Ilegal textile imports in Indonesia estimated at US$ 2.94 billion prompting government action

Reading Time: 2 minutes
Journalist IBP


Mahinda Arkyasa



Redma Wirawasta, Chairman of the Indonesian Association of Fiber and Filament Yarn Producers, estimates that the value of illegal textile imports in 2022 reached US$ 2.94 billion (IDR 43 trillion). Redma made this discovery by comparing trade records of Indonesian-Chinese textiles at the International Trade Center (ITC).

Redma noted that China’s textile exports to Indonesia reached US$ 6.5 billion in 2022, according to China’s General Custom Administration. In the same year, Statistics Indonesia (BPS) recorded textile imports from China at only US$ 3.55 billion.

“If we assume imports per container amount to IDR 1.5 billion, it is estimated that about 28,480 containers of illegal textiles enter the country annually, or approximately 2,370 illegal containers per month,” said Redma.

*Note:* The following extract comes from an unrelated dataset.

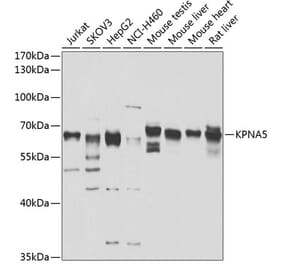 Western Blot - Anti-KPNA5 Antibody (A10118) - Antibodies.com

Redma also reported that the total consumption of textiles and textile products in Indonesia in the previous year amounted to US$ 16 billion. This means that illegal textile imports contribute up to 41% of the national textile market.

He further calculated that all textile imports throughout 2022 were equivalent to 800,000 tons or about 45% of the production capacity of small and medium-sized domestic-oriented garment industries. In other words, Redma believes that all imported products are equivalent to the loss of employment opportunities for up to 2.4 million people in the country.

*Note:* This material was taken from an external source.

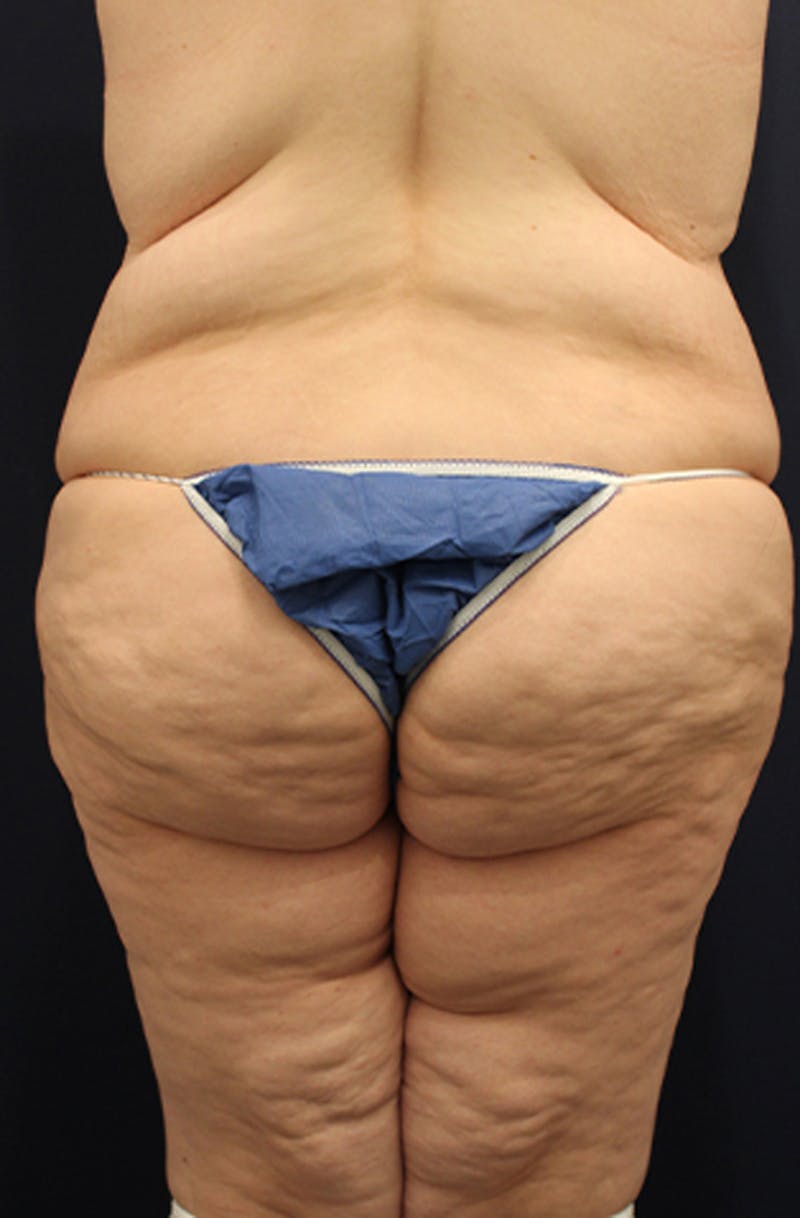 Buttock Fat Transfer Before & After Gallery - Patient 174162055 - Image 1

Reasons for Indonesia’s vulnerability to illegal imports

  1. Global economic downturn 

Jemmy Kartiwa Sastraatmaja, Chairman of the Indonesian Textile Association (API), pointed out that global trade is currently experiencing a downturn, including in the textile industry. This has led major textile-producing countries like China to seek new markets for their products.

  1. Potential market in Indonesia

Indonesia is seen as a potential market with the fourth-largest population in the world. Amid global slowdown, Indonesia has maintained economic growth and controlled inflation compared to other countries. According to BPS data, Indonesia’s economic growth in the first half of 2023 reached 5.17% with controlled inflation at 1.24%.

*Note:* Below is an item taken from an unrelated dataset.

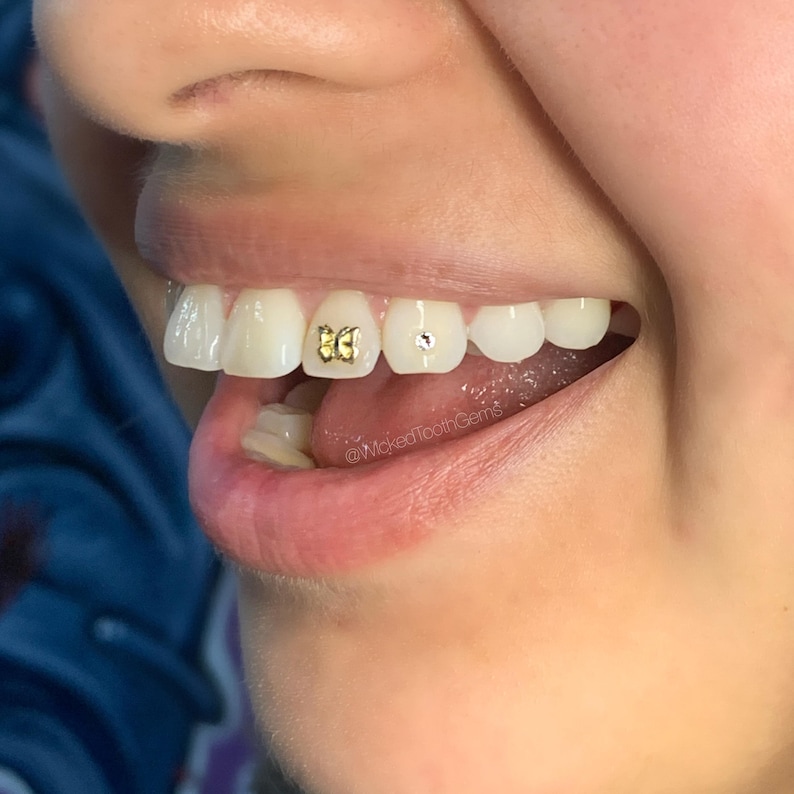 butterfly tooth gem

  1. Ineffective trade regulation

Jemmy emphasized that the Indonesian government needs to implement trade restrictions to prevent an influx of imported goods. Currently, many imported goods enter Indonesia through online and social commerce platforms. 

“If we don’t cleverly set up trade barriers, this ecosystem will collapse, affecting the entire supply chain,” he said.

In response to these challenges, Teten Masduki, Minister of Cooperatives and Small and Medium Enterprises acknowledged the need for regulatory improvements to protect the domestic textile industry from the influx of imported products. He received feedback from industry players that existing regulations were insufficient to curb the influx of imported goods, which severely impacted both retailers and manufacturers, including in the textile sector.

To address this issue, the government issued a revised trade regulation, Permendag No. 50 of 2020, on September 26, 2023. This revision aims to provide more detailed regulations for online trade, including social commerce platforms.